2018年 今年の漢字

      ダンクグループ

      代表

「網」の違和

わたしは通勤で丸ノ内線と中央総武線を使っている。丸ノ内線を四ツ谷で乗り換えた後の束の間の車窓の風景を見るのを楽しみの一つにしている。とりわけ外堀と市ヶ谷の堤に残る木々の季節ごとの彩の移ろいにはささやかな癒しを覚えていた。ところが近頃は電車に乗り込むと、何とも言えない不安感と焦燥感にさいなまれることがある。最初は一過性のストレスかと思っていたが、それはどうやら車内の風景の変化によるものだと気付かされた。若いころから慣れ親しんだ車内の風景に対する違和だ。いつしか網棚から荷物が無くなり、バックパックの若者が増え、新聞を広げているおやじたちが居なくなり、読み終わった雑誌やスポーツ紙が消えた。まるで舞台の暗転のように、そこにはスマホを手に俯いている人々の群れが出現した。

確かに掌に乗るコンピューターは瞬時に人と人との会話を成立させ、音楽や映像、ゲーム、世界中の情報を配信してくれる。あの通勤時間の退屈をしのぐのに充分なコンテンツを与えてくれる。もちろんわたし自身もその恩恵を享受している一人なのだが、そもそも人々は「情報」についてそれほど貪欲だったのだろうか。「情報」は、退屈を紛らわし、まるで時間を征服したかのような快楽を用意してくれる。

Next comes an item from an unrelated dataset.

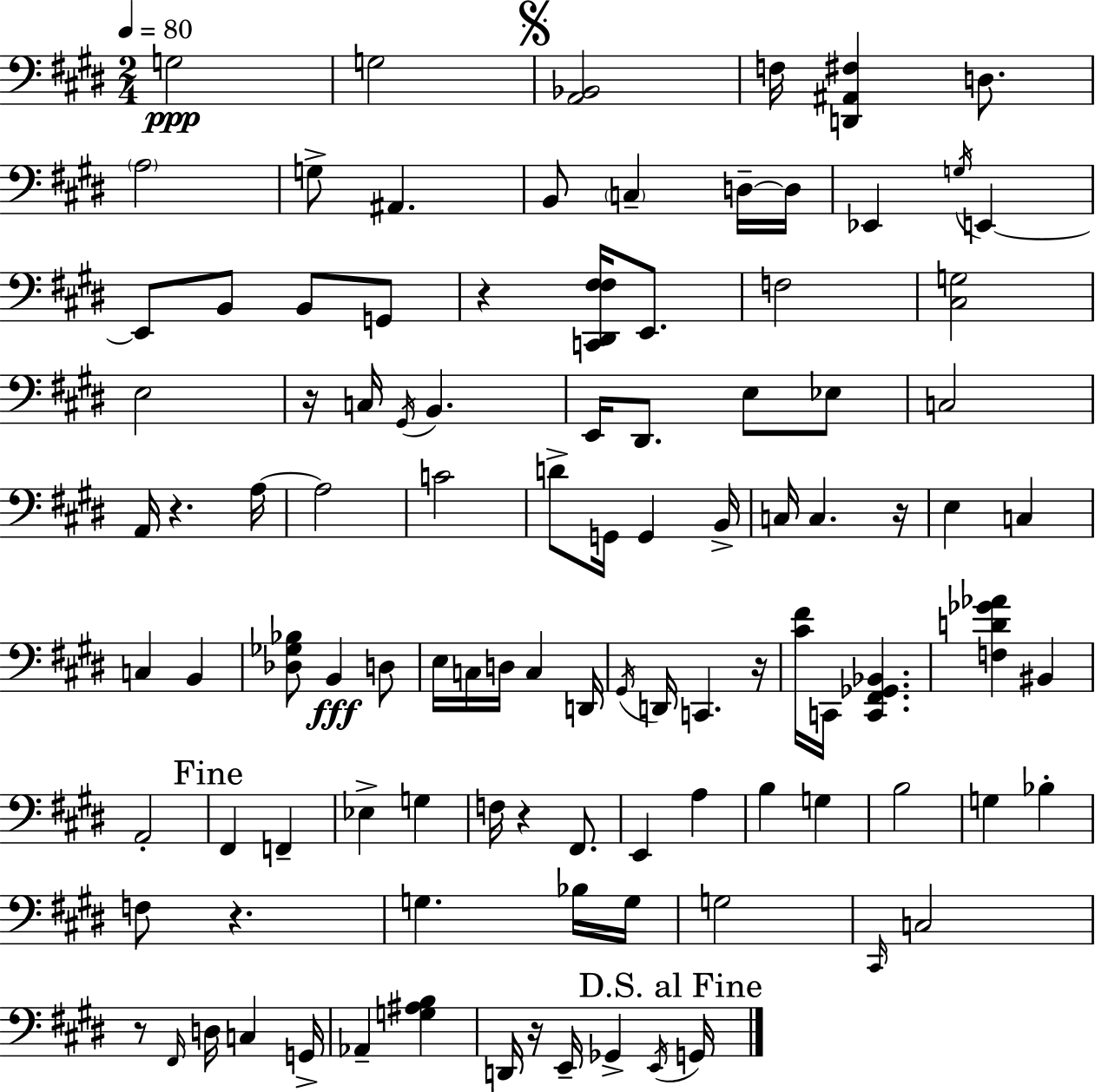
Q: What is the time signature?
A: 2/4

1995年、朝日新聞社発行の「AERA(アエラ)」という雑誌で「マルチメディア」を特集し、情報社会化する21世紀の人類のあり方を問うている。いわく「それら来るべきものを、マルチメディア社会と呼ぼうが、それは単なるネーミングの問題に過ぎない。明確なのは、情報が大衆化する過程にあることだ。(中略)我々の前に展開する可能性は、限りなき輝きに満ちつつ、また、限りなき暗闇に包まれている。」

今から二十数年前、あたかもダンク創業の時だ。その後、「IT(情報化技術)」と呼ばれ、「WWW(世界を蜘蛛の巣で覆う)」を経て、現在は「SNS(社会を網のようなもので包むサービス)」と、その見えない「主催者(?)」は、何かを模索するようにその呼称を変えていった。「アエラ」の予想したように「情報」は、大衆化したのかもしれない。そして呼称を変えつつ同時に共通していえるのはその「ネット」の網目は細く細分化され、つまり大衆化したということだ。わたしたちはその「網」に捕らわれてもがき苦しんでいることにまだ気付いていないのかもしれない。「見えない主催者」とは誰なのか。網目を食いちぎるほどの智慧と勇気を試される時がいずれ来るかも知れない。